**The problem:** Line for line, return the data exactly, omitting all pictures.

**Items from a dataset:**
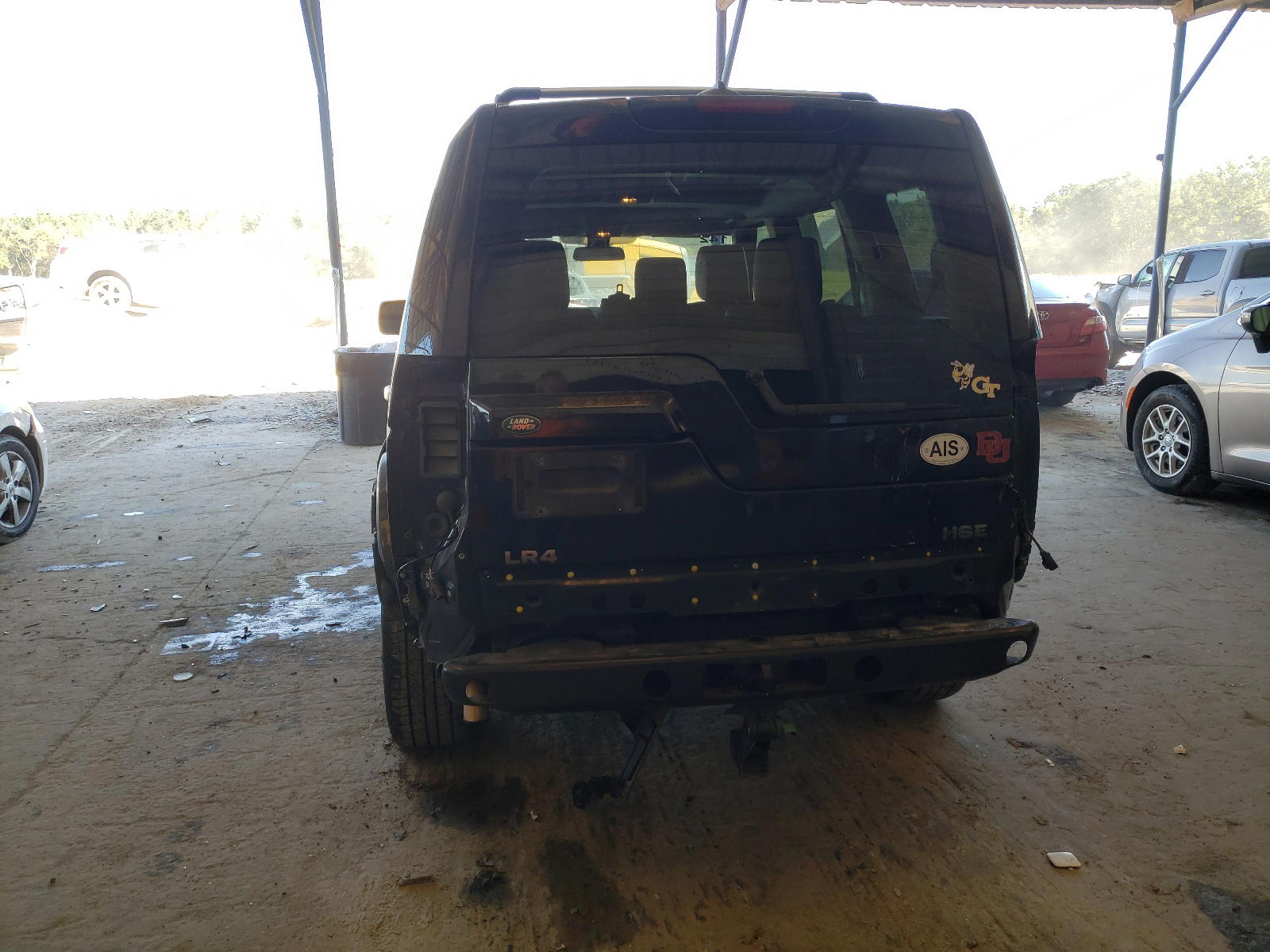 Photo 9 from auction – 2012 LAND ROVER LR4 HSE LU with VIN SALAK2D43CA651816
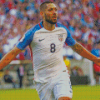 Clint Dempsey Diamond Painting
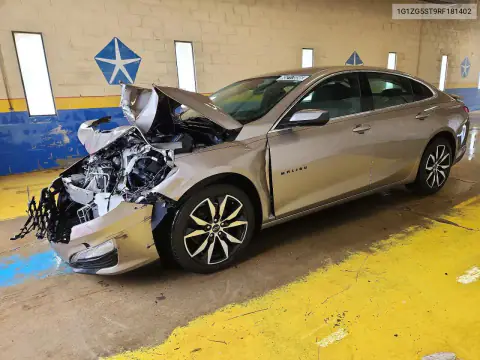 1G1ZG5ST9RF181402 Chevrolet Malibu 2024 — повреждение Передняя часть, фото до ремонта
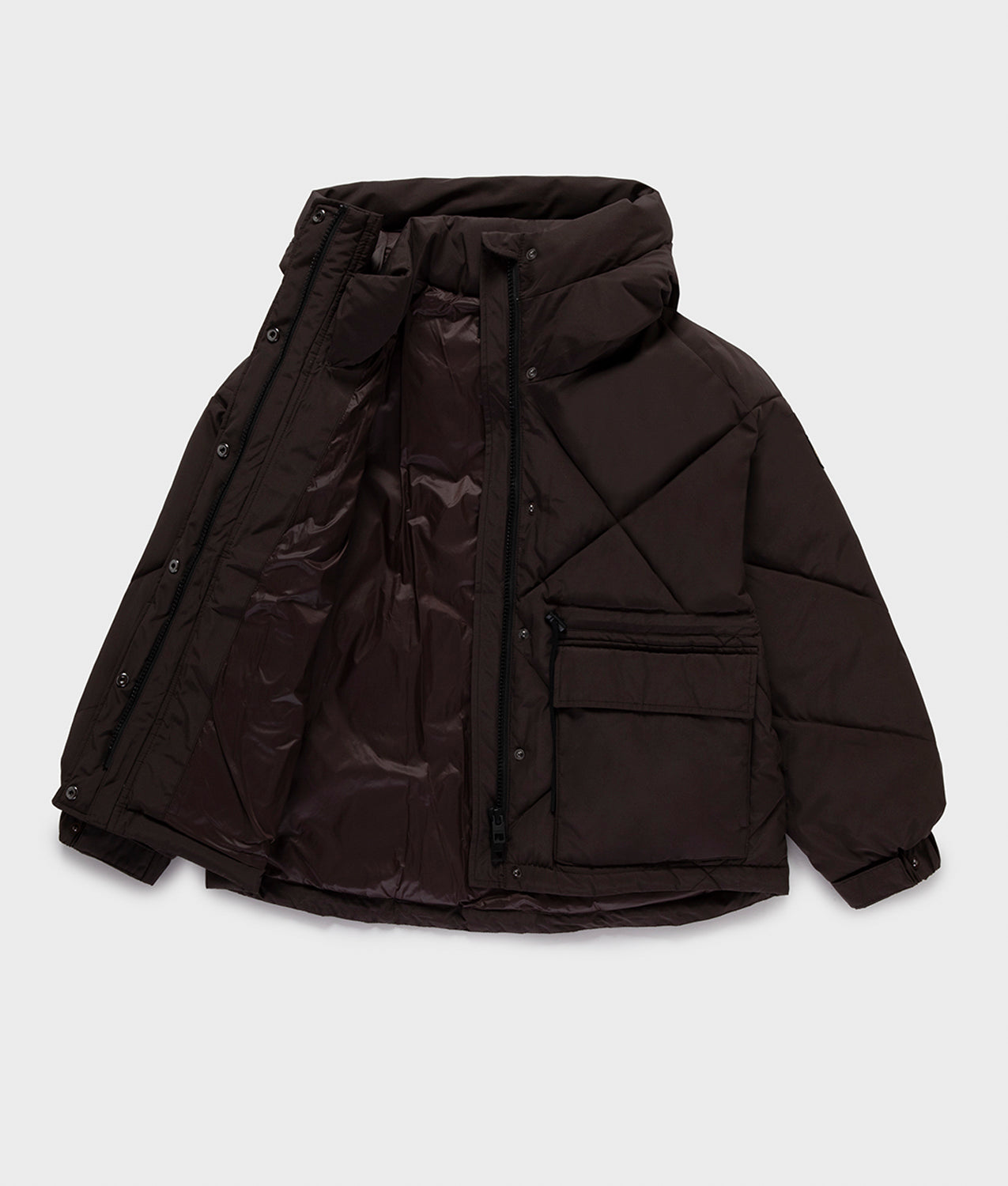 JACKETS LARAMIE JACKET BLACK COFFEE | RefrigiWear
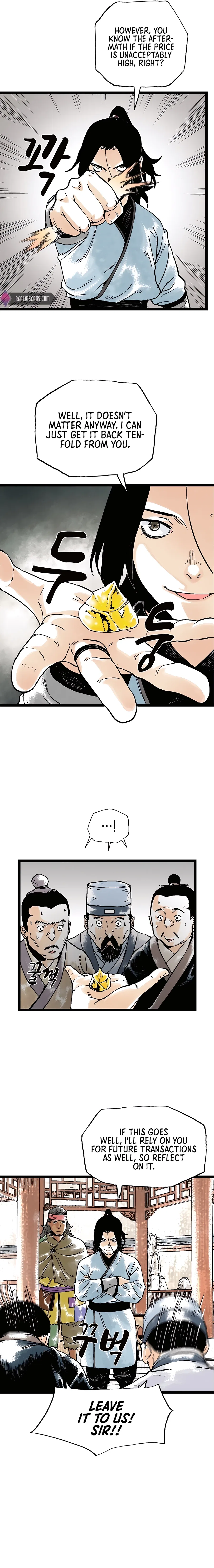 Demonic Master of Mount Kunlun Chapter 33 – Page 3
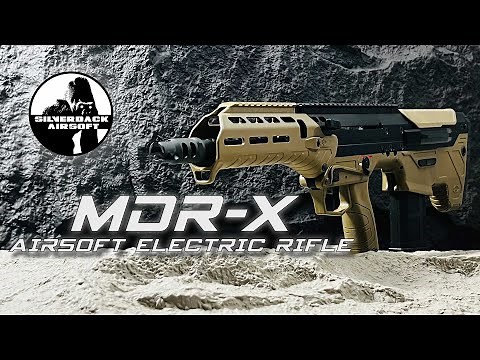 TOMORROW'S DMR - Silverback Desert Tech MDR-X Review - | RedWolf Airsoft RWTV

**Expected answer:**
 Photo 9 from auction – 2012 LAND ROVER LR4 HSE LU with VIN SALAK2D43CA651816
 Clint Dempsey Diamond Painting
 1G1ZG5ST9RF181402 Chevrolet Malibu 2024 — повреждение Передняя часть, фото до ремонта
 JACKETS LARAMIE JACKET BLACK COFFEE | RefrigiWear
 Demonic Master of Mount Kunlun Chapter 33 – Page 3
 TOMORROW'S DMR - Silverback Desert Tech MDR-X Review - | RedWolf Airsoft RWTV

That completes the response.